Cleaning big data, what happens to the dirt

When I began this blog site, I came up with the phrase hypothesis-discovery to describe my experiences working with unruly data.   Our project gained a reputation for discovering things that others missed and I attribute that to how we handled the data.

One of things we did differently was to postpone the data cleaning operations until after the data was in the database.   The data cleaning process involved successive refinements of the data from one table to the next but where we retained the earlier data.   This provided a benefit of being able to perform cleaning operations using the same effective technologies for query and reporting available through the database.   It also provided the benefit of granting us perpetual access to the as-delivered data, the dirty data.

In many projects the data cleaning process occurs outside of the database as if the entire concept of a database is that it demands only the purest and cleanest of data.    While the database has various tools to insist on clean data, such as column constraints or triggers, these tools are optional.
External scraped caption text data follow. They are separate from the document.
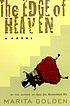 The edge of heaven de Marita Golden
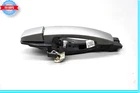 06-09 Land Range Rover Sport Rear Left Driver Side Exterior Door Handle Oem Used. Price: $29.70.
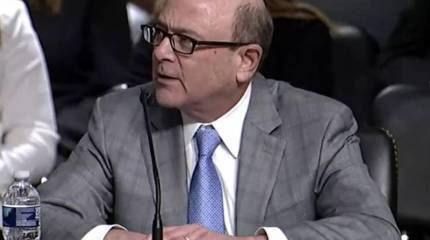 Группу надзора за поставками американской военной помощи Украине возглавил генеральный инспектор Пентагона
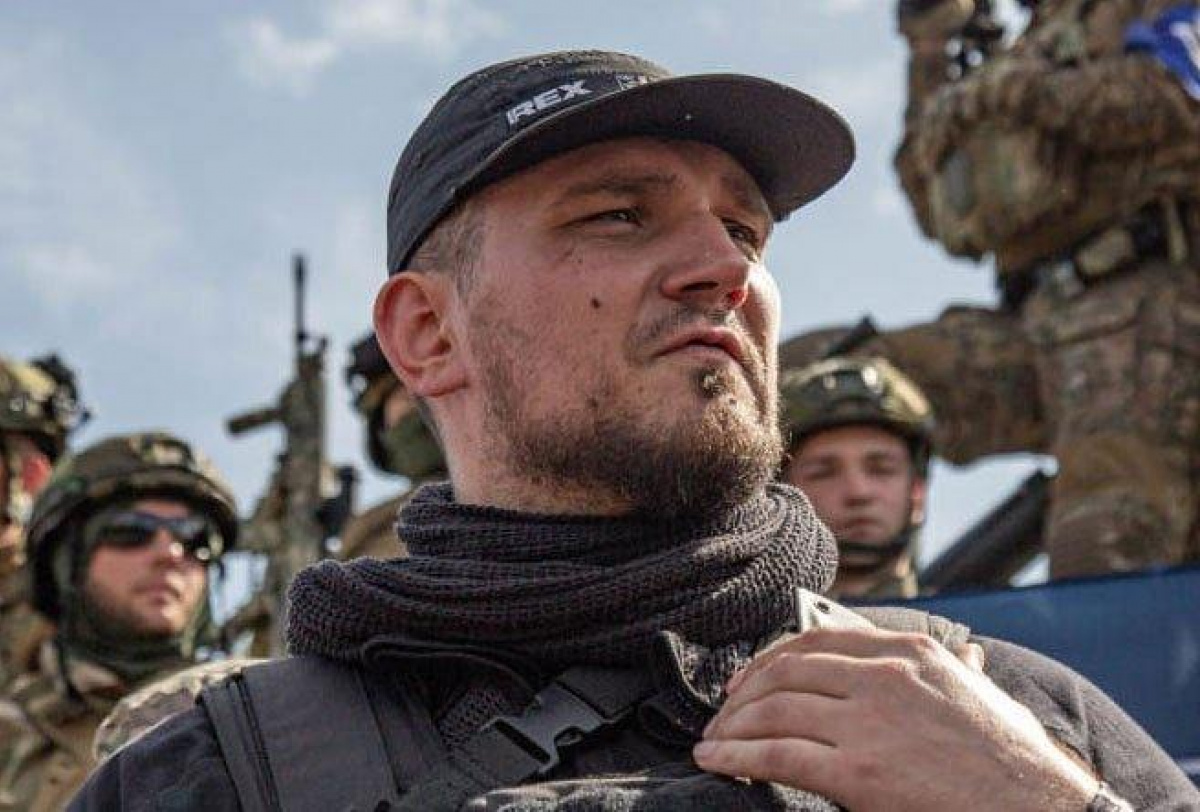 “Back to Life”: How DIU Foiled Assassination of RVC Leader and Outsmarted Russians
In the SQL Server environment I am familiar with, the Integration Services provides a variety of tools to managing workflow for cleaning data.   Although the tool can handle a range of data operations from external sources, it is perhaps easiest to use as an sequencer for data operations within a single database.   These are operations of adjusting data from a less clean table of data so that it will be appropriate for a more clean table.    Eventually there will be a final clean table that will support end user reporting for an analytic database.

As I read about other projects, I realize that these projects often invest in the cleaning before the data arrives in the database.   One of my challenges was communicating my approach because I had no single database, but instead several.    In typical projects, it appears they can confidently talk about “the database”– there is the database, and there is everything outside of database.
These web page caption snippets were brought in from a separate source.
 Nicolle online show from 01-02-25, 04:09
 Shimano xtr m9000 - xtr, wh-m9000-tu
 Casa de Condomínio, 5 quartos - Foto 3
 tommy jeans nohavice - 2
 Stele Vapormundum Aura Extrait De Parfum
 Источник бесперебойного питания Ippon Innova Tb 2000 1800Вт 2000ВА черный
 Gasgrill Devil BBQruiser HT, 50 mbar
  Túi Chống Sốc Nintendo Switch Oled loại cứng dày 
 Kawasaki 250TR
Their database is a fortress for holding clean data.   My approach was to treat the database system more like a small city of small artisan businesses that did various tasks where only one of the businesses was the purveyor of the clean data.

I didn’t treat the database as some temple that must be respected for its elegance and cleanness.   I treated it like the streets of the city, not filthy but certainly not polished so shiny that you have to take your shoes off to enter it.

The result is that I had dirty data in various stages of refinement residing in some location on the database.   This data remained available for ad hoc querying at any time.    We frequently resorted to that data to investigate how the final result was derived.   One way to describe this is the postponement of applying cleaning of data or of applying business rules until those rules were needed.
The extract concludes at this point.